Document
 
 
 
 
 
UNITED STATES
SECURITIES AND EXCHANGE COMMISSION
Washington, D.C. 20549
 
 
 
 
 
FORM 8-A/A
(Amendment No. 2)

FOR REGISTRATION OF CERTAIN CLASSES OF SECURITIES
PURSUANT TO SECTION 12(b) OR 12(g) OF THE
SECURITIES EXCHANGE ACT OF 1934
 
 
 
 
 
 
FIRST INTERSTATE BANCSYSTEM, INC.
(Exact Name of Registrant as Specified in its Charter)
 
 
 
 
 
 
 Montana
 
81-0331430
(State or other jurisdiction of
incorporation or organization)
 
(I.R.S. Employer
Identification Number)
 
401 North 31st Street
Billings, MT 59116

 
 
(Address of Principal Executive Offices and Zip Code)
 
 
 
 
 
 
Securities to be registered pursuant to Section 12(b) of the Act:
Title of each class
to be so registered
 N/A
 
 
Name of each exchange on which
each class is to be registered
 N/A
 
 
 
 
 
If this form relates to the registration of a class of securities pursuant to Section 12(b) of the Exchange Act and is effective pursuant to General Instruction A.(c) or (e), check the following box. o
If this form relates to the registration of a class of securities pursuant to Section 12(g) of the Exchange Act and is effective pursuant to General Instruction A.(d) or (e), check the following box. ý
If this form relates to the registration of a class of securities concurrently with a Regulation A offering, check the following box. o
Securities Act registration statement or Regulation A offering statement file number to which this form relates: Not applicable
Securities to be registered pursuant to Section 12(g) of the Act:
Class B common stock
(Title of class)


 







AMENDMENT NO. 2 TO FORM 8-A

First Interstate BancSystem, Inc., a Montana corporation (the “Registrant”), hereby amends in its entirety the Registration Statement on Form 8-A, originally filed with the Securities and Exchange Commission (the “SEC”) on April 15, 2002, as amended by the Amendment No. 1 to Form 8-A filed with the SEC on March 12, 2010, with respect to its Class B common stock, no par value per share (the “Class B Common Stock”).

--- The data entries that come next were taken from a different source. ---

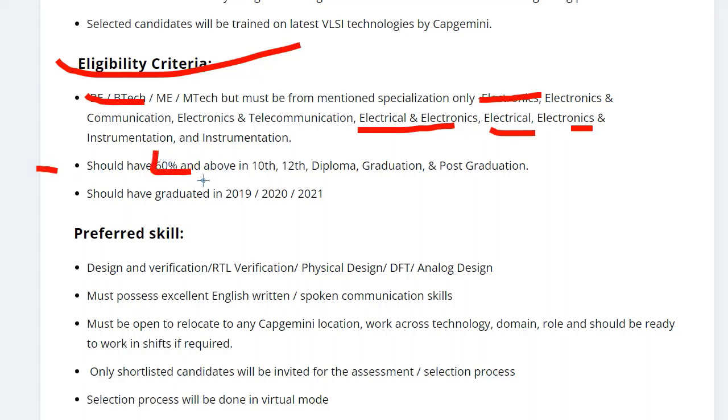You should have a minimum of 60% in your 10th, 12th, diploma, graduation, and post-graduation. If you have skills like design verification, RTL verification, physical design, DFT, and analog design, that will give you an edge over other candidates.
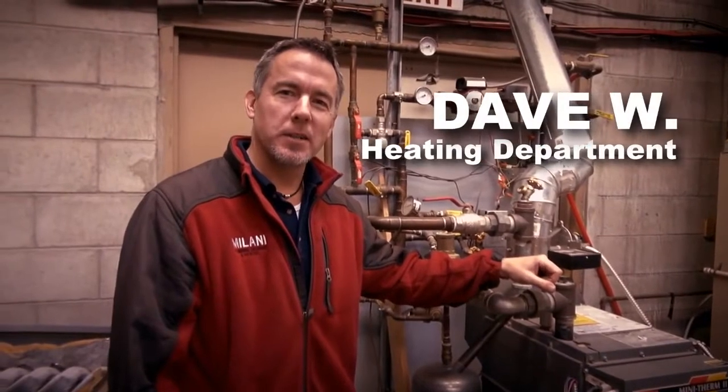Hi, I'm Dave Wharton. I'm one of the managers of the heating department at Milani Plumbing and Heating. There are lots of things that can go wrong with a boiler that should be checked.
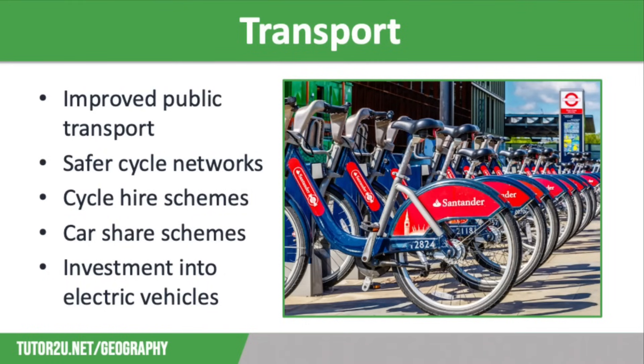We're going to finish off this video thinking about how we can reduce the energy needed for transport. One way would be to improve public transport systems and reduce travel costs to encourage people to use their cars less. We could also reduce car use by providing safer cycle path networks to encourage people to use their bikes more. We could invest in more cycle hire schemes like the Santander bikes in London so people can hire bikes for short periods.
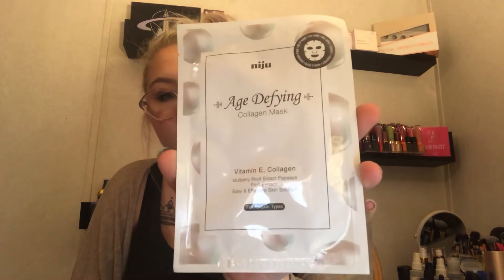The next one we got is Niju — I don't know how to pronounce that — an age-defying collagen mask with vitamin E, collagen, mulberry root extract, and papaya fruit extract. It's an easy and effective skin solution for all skin types. This says you could have received one or the other; we got the age-defying one, and the other option was a brightening one.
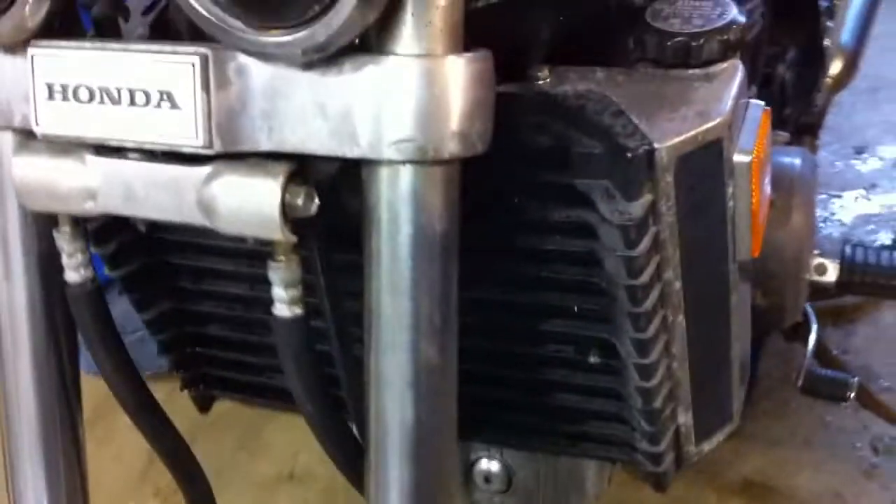Forks are in great shape, have some surface rust on the uppers, probably from someone not polishing over the years, but it is a 1983. Brake calipers — the front brakes do work, I think they just need to be bled.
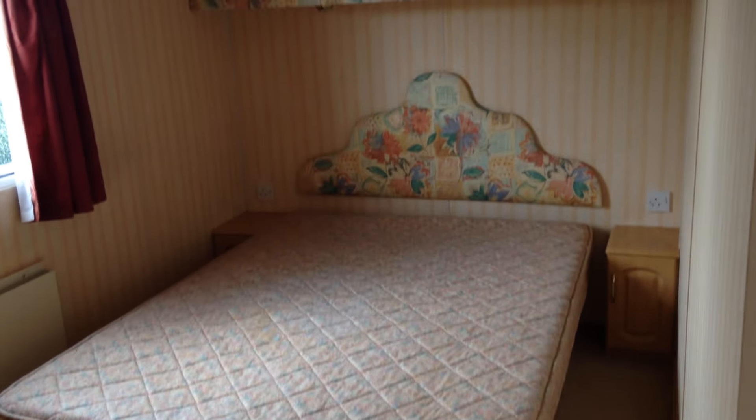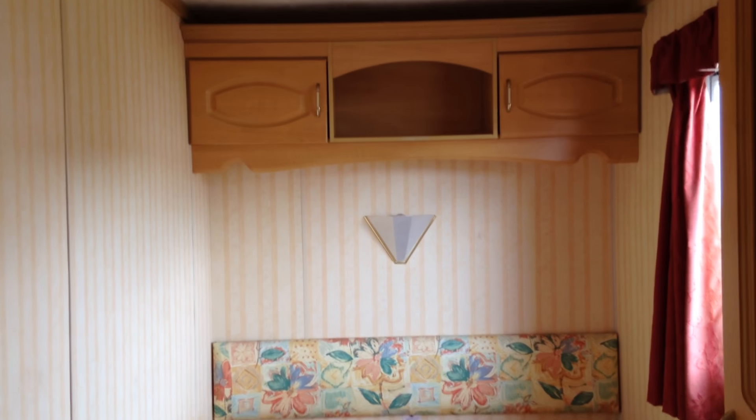Into the master bedroom then — again, lots of cupboard space in here. And the first of our twin rooms, and our second twin room.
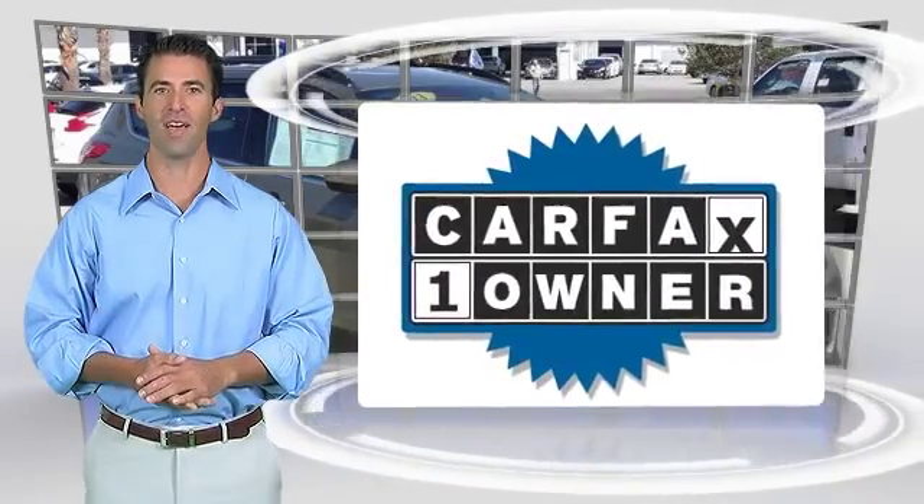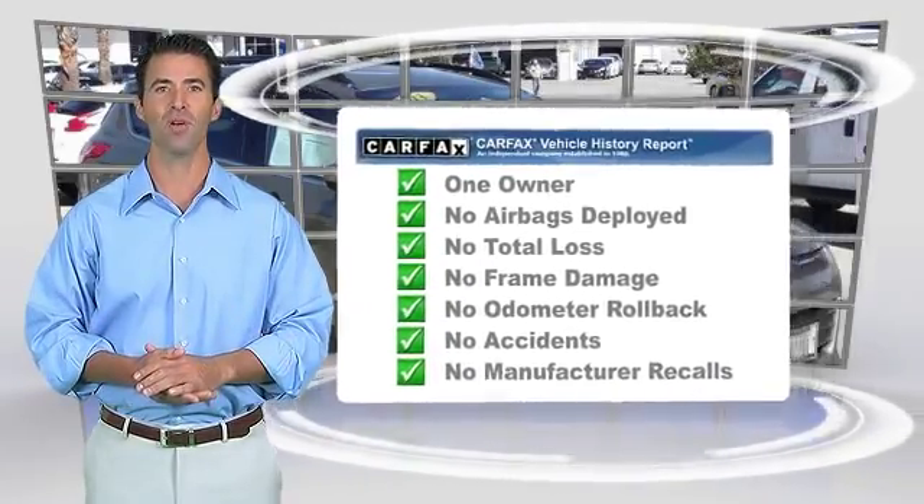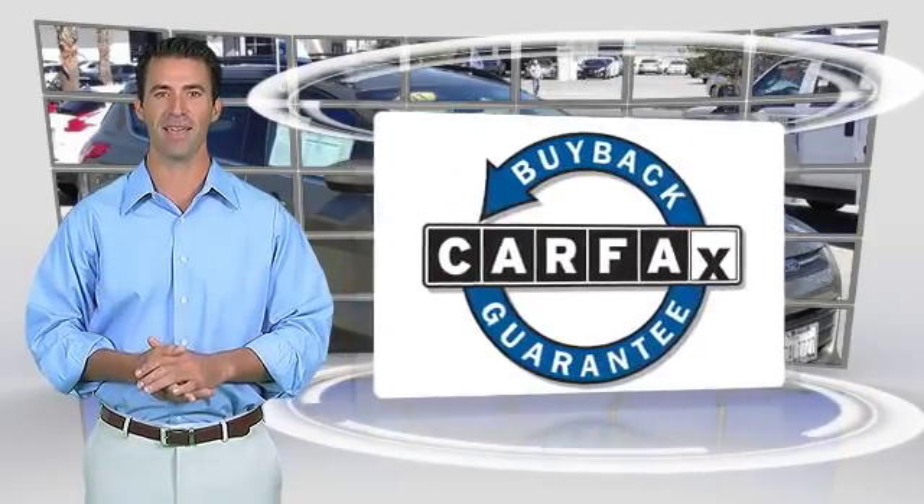This is a one owner vehicle with the Carfax Vehicle History Report. Be sure to find a complimentary copy of this report online or contact the dealership. This vehicle qualifies for the Carfax Buy Back Guarantee.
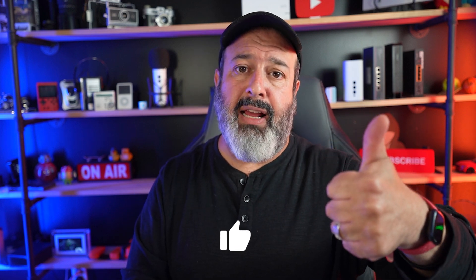If you want to see me take out a security camera with a so-called jammer, check that out right over here. Give the video a quick thumbs up if you liked it, and I'll see you in the next video.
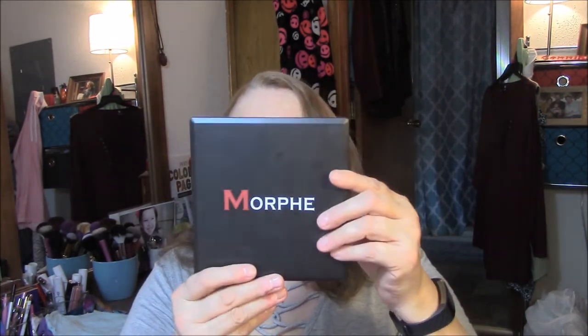For blush, I'm wearing my Morphe 9N Palette, my blush palette. I don't use this real often because it is super, super powdery — really powdery.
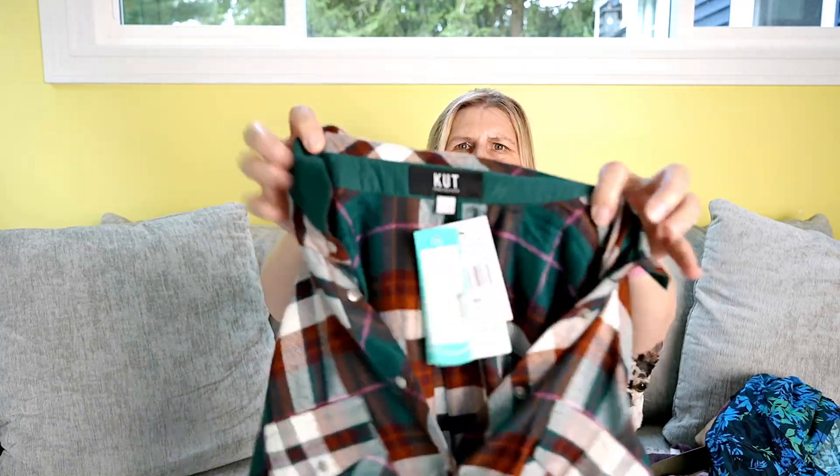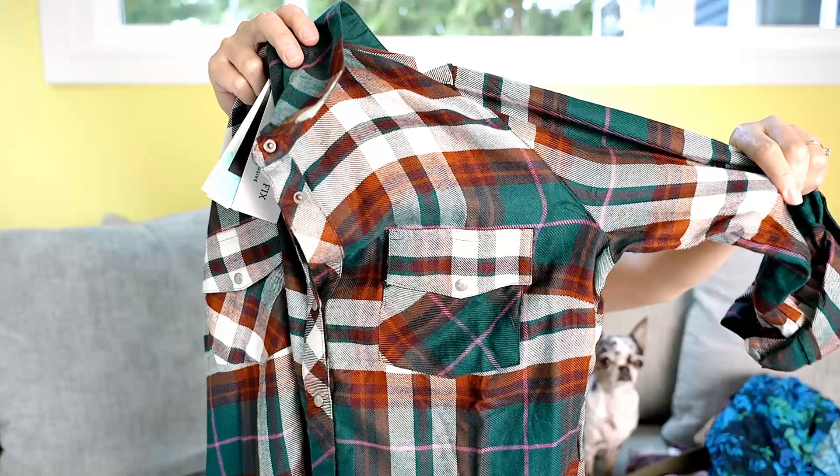The next fashion box this week was Stitch Fix, and that was more of a winter box than fall, which was kind of interesting. I really liked the boots but decided for the price point to send them back. The only thing I kept from the box was the Cut from the Cloth plaid shirt — I thought this was such a pretty pattern for fall and winter. So that's all my keepers this week.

Item 1. Description of Registrant’s Securities to be Registered.

A description of the Class B Common Stock of the Registrant is set forth under the caption “Description of Capital Stock” in the prospectus constituting a part of the Registrant’s Registration Statement on Form S-3 (Registration No. 333-220594), which was initially filed with the SEC on September 25, 2017 (the “Registration Statement”), and is incorporated herein by reference. The description of the Class B Common Stock included in any form of prospectus subsequently filed by the Registrant with respect to the Registration Statement pursuant to Rule 424(b) promulgated under the Securities Act of 1933, as amended, shall also be deemed to be incorporated herein by reference.

Item 2. Exhibits.
    
The following documents are incorporated by reference as exhibits to this registration statement.

Exhibit
Number
 
Exhibit Description
3.1
 
Second Amended and Restated Articles of Incorporation dated May 30, 2017 (incorporated herein by reference to Exhibit 3.1 of the Company’s Quarterly Report on Form 10-Q filed on August 9, 2017).
3.2
 
Third Amended and Restated Bylaws dated May 24, 2017 (incorporated herein by reference to Exhibit 3.2 of the Company’s Quarterly Report on Form 10-Q filed on August 9, 2017).
4.1
 
Scott Family Shareholders’ Agreement dated October 29, 2010 (incorporated herein by reference to Exhibit 99.3 of the Schedule 13D of Randall I. Scott, among others, filed on February 2, 2011).






SIGNATURE

Pursuant to the requirements of Section 12 of the Securities Exchange Act of 1934, the Registrant has duly caused this registration statement to be signed on its behalf by the undersigned, thereto duly authorized, in the City of Billings, State of Montana, on October 20, 2017.
 
 
 
 
 
FIRST INTERSTATE BANCSYSTEM, INC.
 
 
 
 
By:
/s/ MARCY D. MUTCH
 
 
Marcy D. Mutch
 
 
Executive Vice President and Chief Financial Officer






EXHIBIT INDEX

Exhibit
Number
 
Description
 
Second Amended and Restated Articles of Incorporation dated May 30, 2017 (incorporated herein by reference to Exhibit 3.1 of the Company’s Quarterly Report on Form 10-Q filed on August 9, 2017).
 
Third Amended and Restated Bylaws dated May 24, 2017 (incorporated herein by reference to Exhibit 3.2 of the Company’s Quarterly Report on Form 10-Q filed on August 9, 2017).
 
Scott Family Shareholders’ Agreement dated October 29, 2010 (incorporated herein by reference to Exhibit 99.3 of the Schedule 13D of Randall I. Scott, among others, filed on February 2, 2011).